もちろん、習ったことはあるし、その作法を実行していた時期もあった。でも口うるさく言われることがなくなった今、ライカにはその文化が残らなかったのだ。
サラダのトマトを口に入れかけたユイが、いつまでも自分を見ているライカに気付いて「なに?」と不思議そうな顔をして言う。
「いや、別に……」
「焼き鳥くらい食べたら?」
そう言われて、目の前の串に刺された肉を見下ろす。しかし、あまり食べたいとは思わなかった。

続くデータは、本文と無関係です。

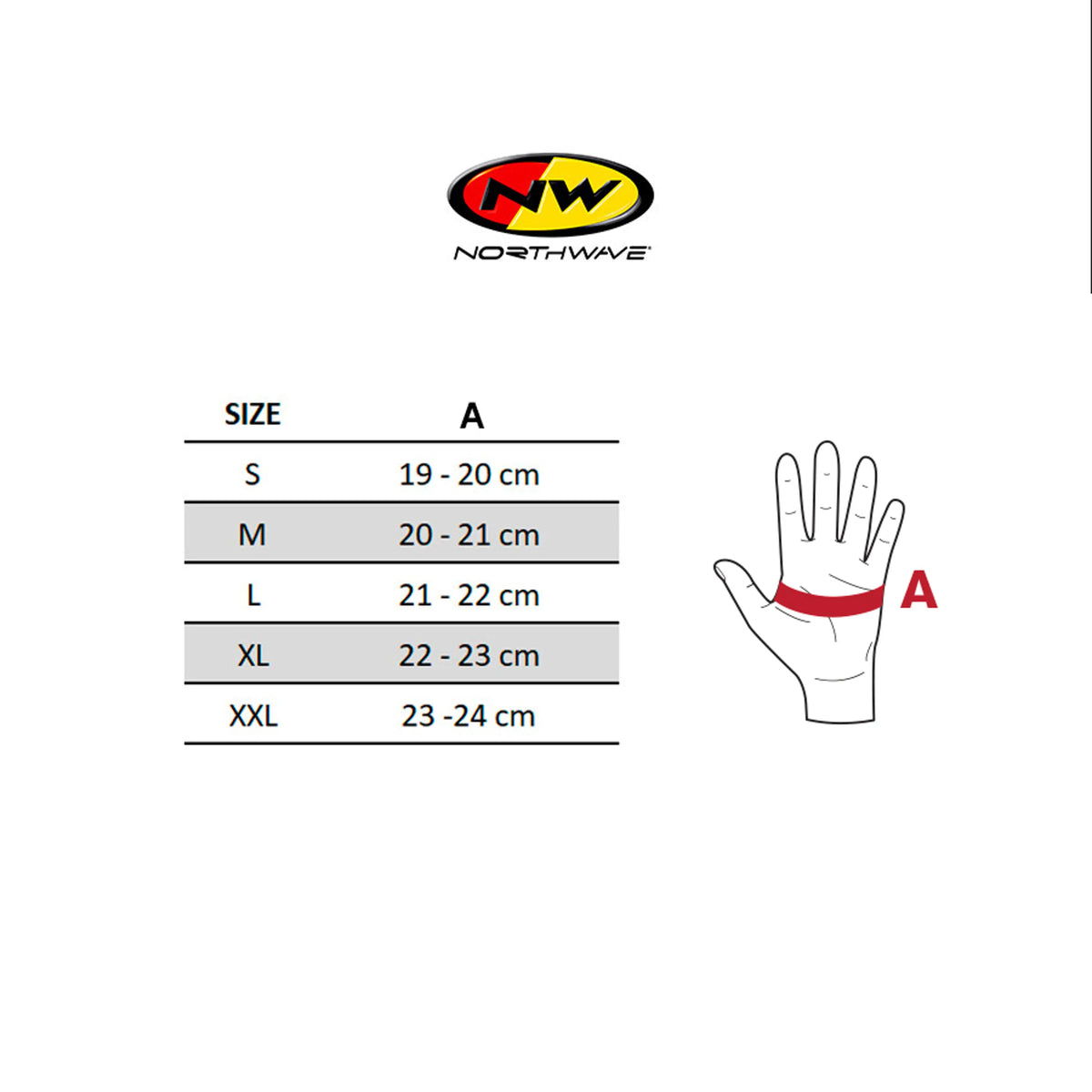 ACTIVE MAX WINTER GLOVE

仕方なく串を持って、くるくるとねじっていると、生姜焼きを頬張ったユイがもごもごと声を出す。
「夏バテかなんか?」
「まぁ、そんなもん」
「ふぅん。……あぁ、そうだ。さっきの話の続きだけど」
意を決して串をくわえたライカが、ユイの言葉に応じるように顔を上げると、彼女はまるで世間話でもするかのように言葉を繋げた。
「マドティさ。……もう来なくていいからね」
あまりに唐突なそのセリフに驚いたライカは、ほとんど噛んでいない鶏肉を飲み込んでしまった。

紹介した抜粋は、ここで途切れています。